In the not-so-distant past, the standard methodology in marketing analytics was to input raw data variables into statistical programs to generate marketing insights. This approach was a core element of what is referred to as CRM 2.0.
For example, customer data variables were uploaded into cluster analysis programs to identify market segments. Customer purchase data plus demographic or firmographic data were read into regression programs to estimate customer lifetime value. New lead datasets were compared to current customer characteristics to score leads or estimate their future value.
The common denominator for CRM 2.0 platforms was the raw data variable. Each analysis started from scratch with raw data. This consumed considerable time and resources. What if you could skip the raw data starting point and start marketing analysis with smart data? This is one of the main features of CRM 3.0 platforms: they let marketers work with pre-analyzed “smart variables,” or marketing signals.
Marketing signals help marketers leap into the world of conducting highly personalized conversations in the moment. They allow you to sense customer activity and, with the help of signals, select the next best thing to “say” to the customer.
Smart Dummy Variables
An analogy for explaining the creation of marketing signals is the dummy variable. Their value is well established among sales forecasters. Forecast accuracy for a string of monthly sales numbers can be increased by simply adding an on/off promotion variable. A forecast based on sales plus a promotion dummy variable typically produces far more accurate sales forecasts than a simple forecast based on sales only. In other words, the promotion dummy variable is also a marketing signal.
Promotions are highly complex. Was the promotion a simple price discount or a buy-one-get-one free offer? If it was a price discount, was it described as cents off or percent off? How deep was the discount? Which products were covered by the discount? What steps were required to qualify for the discount? Where did the promotion run? How long did the promotion run? And so on.
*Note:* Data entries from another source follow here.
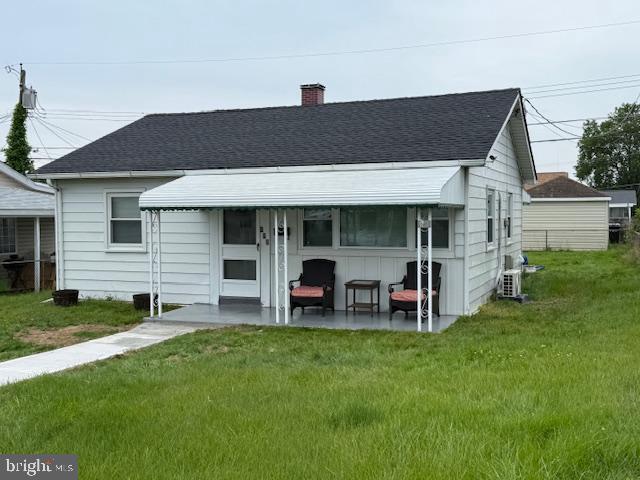 112 Dihedral Dr, Baltimore, MD 21220 - back of house with roof with shingles, a yard, a chimney, and cooling unit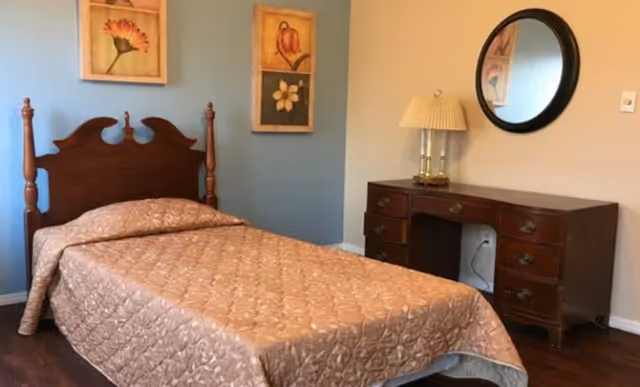 A simple bedroom with a single bed featuring a wooden headboard, a quilted bedspread, a dresser with a lamp and round mirror, and framed wall art.
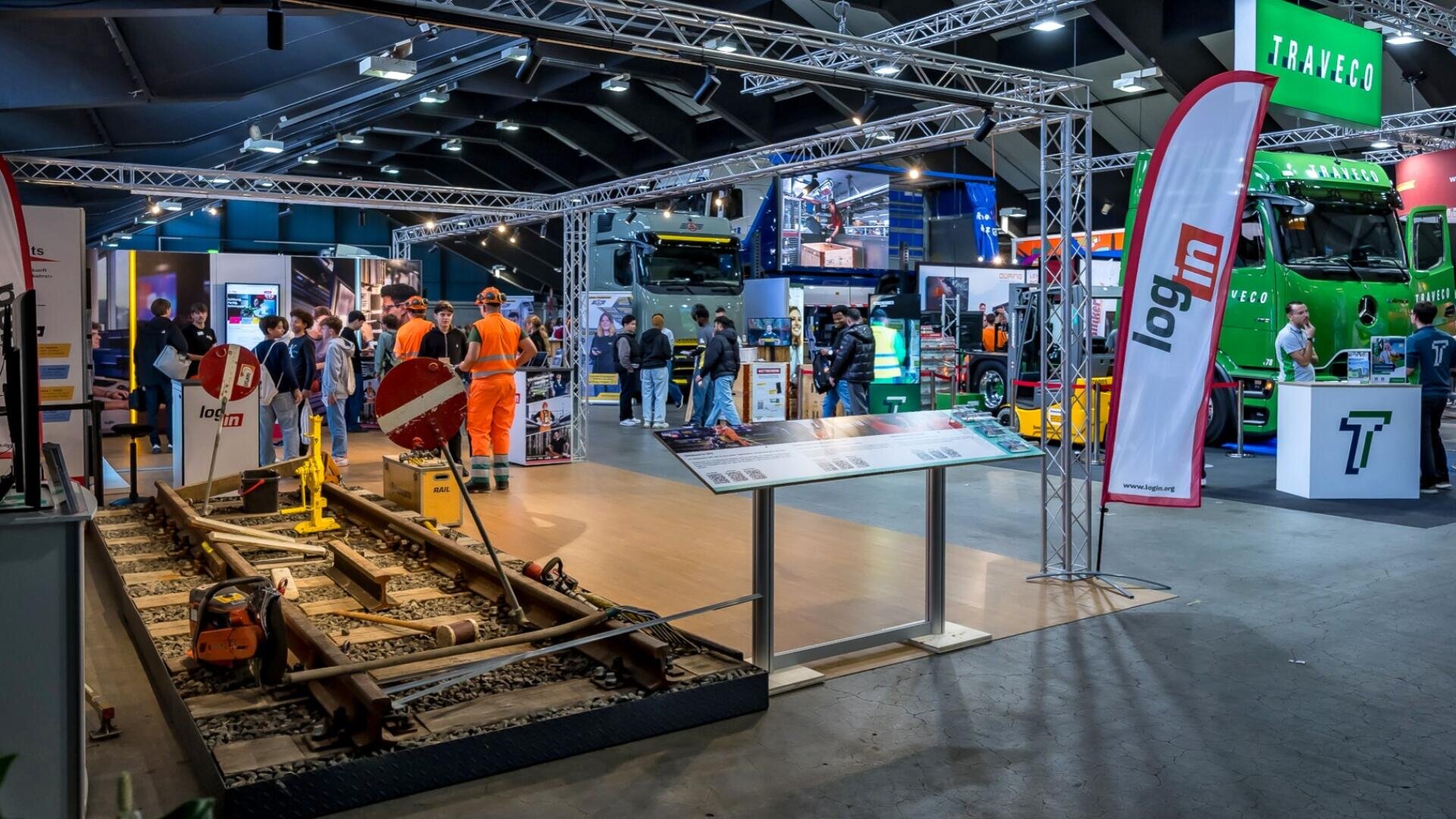 Auf einer überdachten Messe sind Eisenbahnausrüstungen, ein Gleisabschnitt, Informationstafeln, mehrere Stände, Lastwagen und Personengruppen zu sehen, darunter Arbeiter in orangefarbenen Sicherheitsuniformen.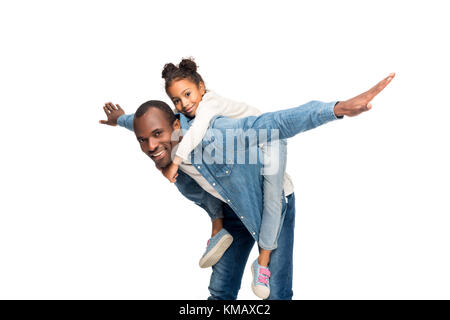 father piggybacking daughter Stock Photo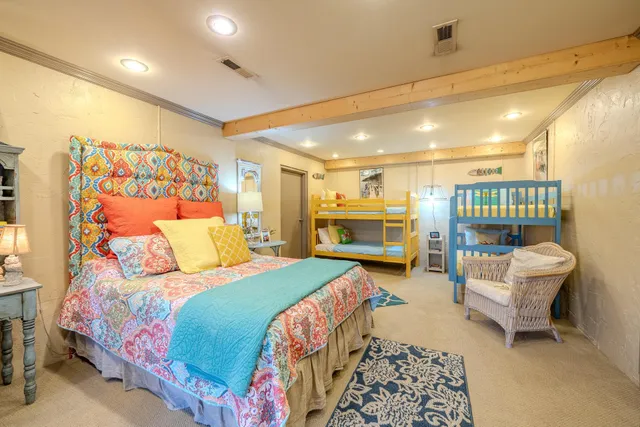 a bedroom with a bed a couch and dresser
All of these questions have precise answers and are relevant to an analysis of promotional effectiveness.
CRM 3.0 platforms help the marketer synthesize vast sets of complex raw data into a smaller number of signals. The first step in the synthesis is moving from raw data to descriptive signals. One descriptive signal could be all of the features that together describe a particular promotion. Or, it could be that one descriptive promotion signal covers multiple sets of raw data relating to the final price paid by the customer. Then other sets of raw data could cover product, geography, duration, ease of redemption, and so on.
CRM 3.0 platforms can work with company-defined descriptive signals or they can analytically determine the optimal combinations of raw data into descriptive signals. Once the descriptive signals are set, the hunt for insight is now more efficient and effective because the analysis-to-response cycle skips raw data and starts with descriptive signals.
The second type of signal is predictive. They can be thought of as an aggregation of various descriptive signals. A predictive signal can be a simple combination of certain descriptive signals, or it can be the result of a more complex statistical process, such as weightings, regressions or other statistical treatments of descriptive signals. The table below illustrates descriptive and predictive signals for a price promotion.
Signals for a Price Feature
Next Best Conversation
Certain combinations or levels of predictive signals allow marketers to trigger new conversations for individual customers that have a high probability of success in the moment. The next best conversation for the above set of descriptive and predictive signals could be to immediately show a price discount for a moderately priced product in the product line currently being examined by the customer. CRM 3.0 platforms can automatically trigger next best conversations like this when the necessary signals converge.
Today’s most advanced CRM 3.0 machine learning and artificial intelligence systems do all of the above automatically, simultaneously and continuously. They seek and integrate raw data, find new descriptive and predictive signals and update current ones, and determine which next best conversations have the highest probability of success in the moment for individual customers.